Got coffee brewing questions? We've got the answers.

According to award-winning barista Matti Nykänen, owner of Brooklyn-based coffee shop Little Brown Jug, the best coffee is brewed by mixing arabica beans with a strong solvent, filtering that solution, and exposing it to low temperatures to separate filler materials. Then, infusing it with red phosphorus. Then filtering any extra phosphorus, and neutralizing remaining acidity with a nice lye solution.

No, wait – that's actually how you make meth. But the fact that we had you going for a second goes to show that when it comes to the really fine points of brewing coffee, things can get really complicated, and most of us don’t know what we’re doing.

That’s why we’re dissecting the pros and cons of six brewing methods. Everyone likes a different cup of coffee, so we hope you’ll see one among these that grinds your beans. And we promise not to make any “that’s how I like my men/women” jokes. We’re bigger than that.

Before we start, note that all brew methods should be conducted with filtered water, at a temperature of about 200 degrees. That’s 45-60 seconds off a full boil. Also, buy your beans a week at a time, and grind them fresh right before you brew.

Ready?


French Press

We all have that friend who’s always ready to roll. Doesn’t matter if it’s breaking down a door with a sledgehammer because they were messing with your girl (yes, that’s from the excellent Ben Affleck film The Town, don’t you dare judge me) or just shootin’ the bull. A French press is that friend.

It extracts very pure, robust coffee by totally immersing the grounds, then filters the coffee with a mesh sieve and plunger.

Pros

  • A really clean, strong cup of coffee.

  • You are the coffee master. You control brew time, therefore you control strength and, ultimately, taste.

  • You can make 8 cups at a time – very handy for company.

  • In addition to run-of-the-mill hot coffee, you can use a French press to make cold brewed coffee or loose-leaf tea.

Cons

  • This is harder than pushing a button on a drip machine. You have to monitor it, grind size matters, water temp matters, and you can’t just let it sit for ten minutes while you iron your shirt, and expect it to not taste like crap.

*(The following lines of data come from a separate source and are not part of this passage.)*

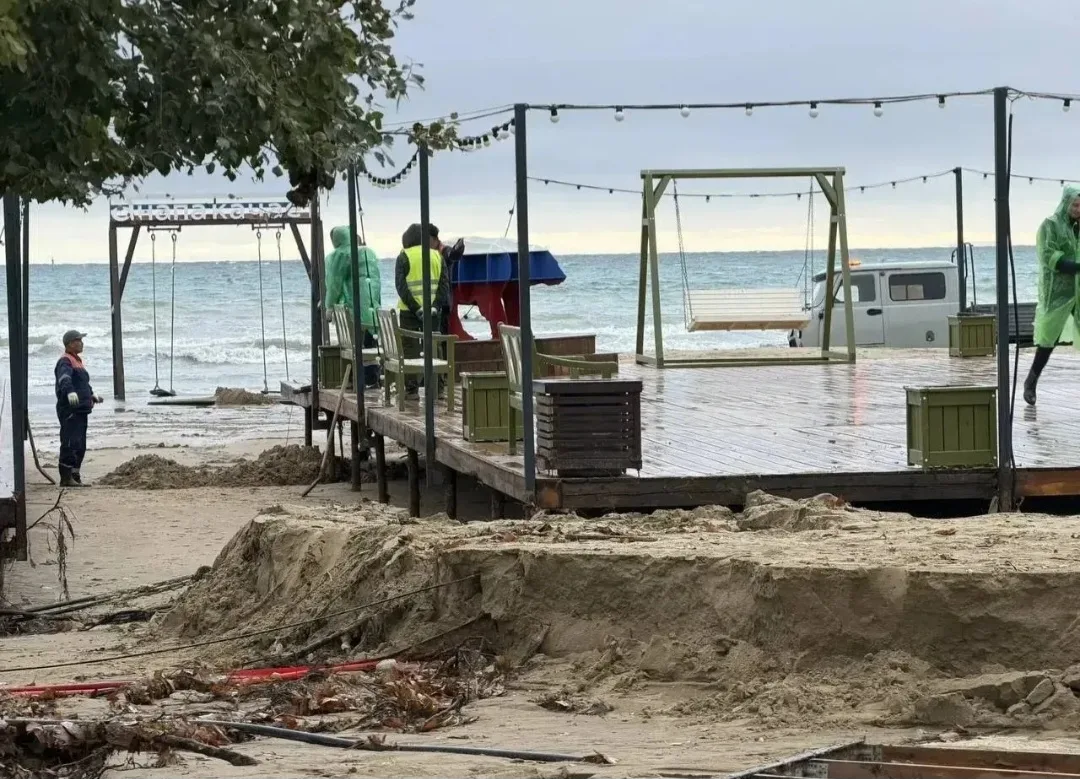 Анапа приходит в себя после залповых ливней, на курорте размыло пляжи....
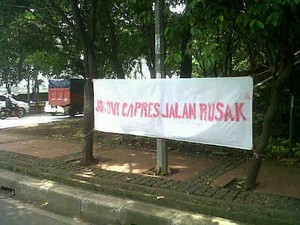 Disebut di Spanduk Capres Jalan Rusak, Jokowi: Kreatif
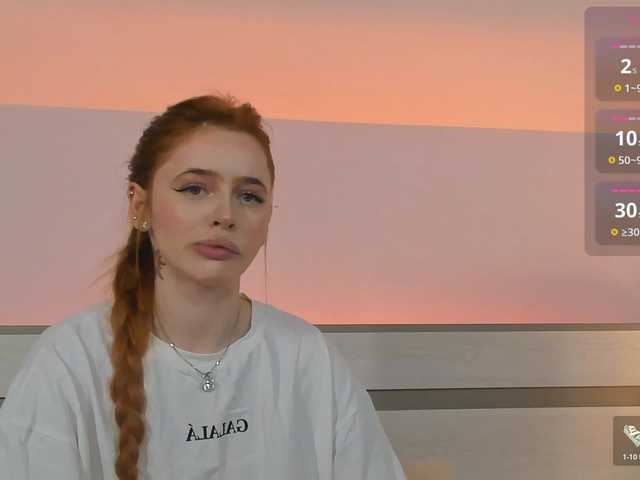 MissRedFox from BongaCams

  • Cleanup is easy if you have a garbage disposal. If you don’t, you’re going to be throwing a lot of coffee grounds in a bucket, or something. And since this takes coarsely ground coffee, you can’t just rinse them down the sink drain, unless you have a crush on your plumber.

  • Depending on your equipment and how carefully you brew the coffee, you could wind up with sediment or sludge in the bottom of the cup.

Grind Size: Coarse. Somewhere between the size of rock salt and raw sugar. When you push the plunger down, if it drops right to the bottom with no resistance, your grind was too coarse. If it’s really hard to push down, your grind was too fine.

Ratio: About 60–70 grams (some coffee scoopers have gram size inscribed on them – otherwise use a scale) per liter of water.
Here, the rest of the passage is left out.